Pour Mme et M. Tout-le-monde, il peut paraître difficile d’imaginer de nouveaux designs pour des objets du quotidien (prenez une feuille blanche, un crayon et essayez…).

Ionna a quelques réflexes pour vaincre les biais de fixation quand elle travaille sur un projet pour un client : « Je cherche tout d’abord à comprendre son univers et son esprit. Puis je me documente dans des livres et des catalogues, sur l’aspect design mais aussi sur les procédés de fabrication. Quant à l’inspiration, elle peut venir de visites d’expositions, de balade dans la nature, de constructions architecturales, de découvertes d’usines… Par exemple, la visite de la Cité du Train à Mulhouse m’a éclairé sur l’histoire de l’art, de l’industrie et de la technologie dans le milieu ferroviaire et m’a inspirée pour créer la lampe TGV. La lampe Binic quant à elle est inspirée de l’univers marin, avec l’allure des manches à air arpentant les ponts des bateaux ».

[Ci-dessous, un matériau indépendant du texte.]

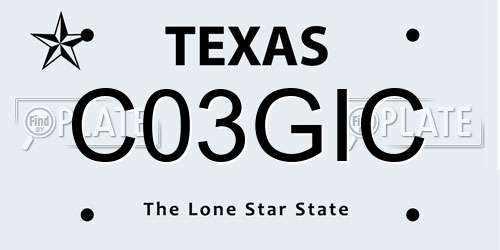 C03GIC Texas License Plate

Nourrir son cerveau d’univers différents, voilà un secret que les personnes créatives ont en commun. La nature ayant horreur du vide, le cerveau a cette faculté de faire des ponts pour relier ces univers, et ce faisant il peut imaginer des choses qui n’existent pas… à condition qu’on l’y autorise ! Combien de séances de créativité ou de Brainstorming finissent sans résultat probant par manque d’autorisation au lâcher-prise ? La créativité fonctionne avec la liberté d’esprit, une preuve étant les rêves sans queue ni tête que nous faisons la nuit lorsque la conscience ne contrôle plus les idées.

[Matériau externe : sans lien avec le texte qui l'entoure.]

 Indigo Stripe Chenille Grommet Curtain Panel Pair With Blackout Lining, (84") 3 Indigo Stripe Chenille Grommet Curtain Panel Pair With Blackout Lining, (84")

En plus d’être voyageuse, Ionna est donc aussi exploratrice d’univers. Souvenez-vous, elle avait hésité au moment du choix de ses études entre cuisine et design… Mais pourquoi diable choisir ? Ionna a passé il y a quelques années un CAP cuisine en cours du soir, et plus récemment, un autre CAP de tourneur céramique. « Ce sont des passions que j’ai depuis enfant, et qui me permettent de réaliser un processus complet, de l’idée à un produit concret ».

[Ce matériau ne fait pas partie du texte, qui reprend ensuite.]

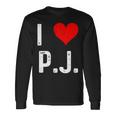 I Love Pj PJ ハート アンティーク調 長袖tシャツ 長袖Tシャツ ギフトのアイデア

Nul doute que la prochaine étape sera pour elle d’allier le design avec ses deux autres passions. Comment s’y prendra-t-elle ? Comme elle le dit avec humilité à ceux qui lui demandent comment innover : « Je ne me considère pas comme innovatrice alors difficile de donner des conseils. Il y a des méthodologies comme le « Design Thinking » ou le « design fiction ». Personnellement je ne pratique pas ces stratégies, je suis plus dans le ressenti ».

Le « ressenti » et « l’intuition » sont-ils des concepts entendables dans les entreprises ? Dans un monde « VUCA » (Volatility, Uncertainty, Complexity and Ambiguity), le salut viendra peut-être de la libération de ces énergies-là.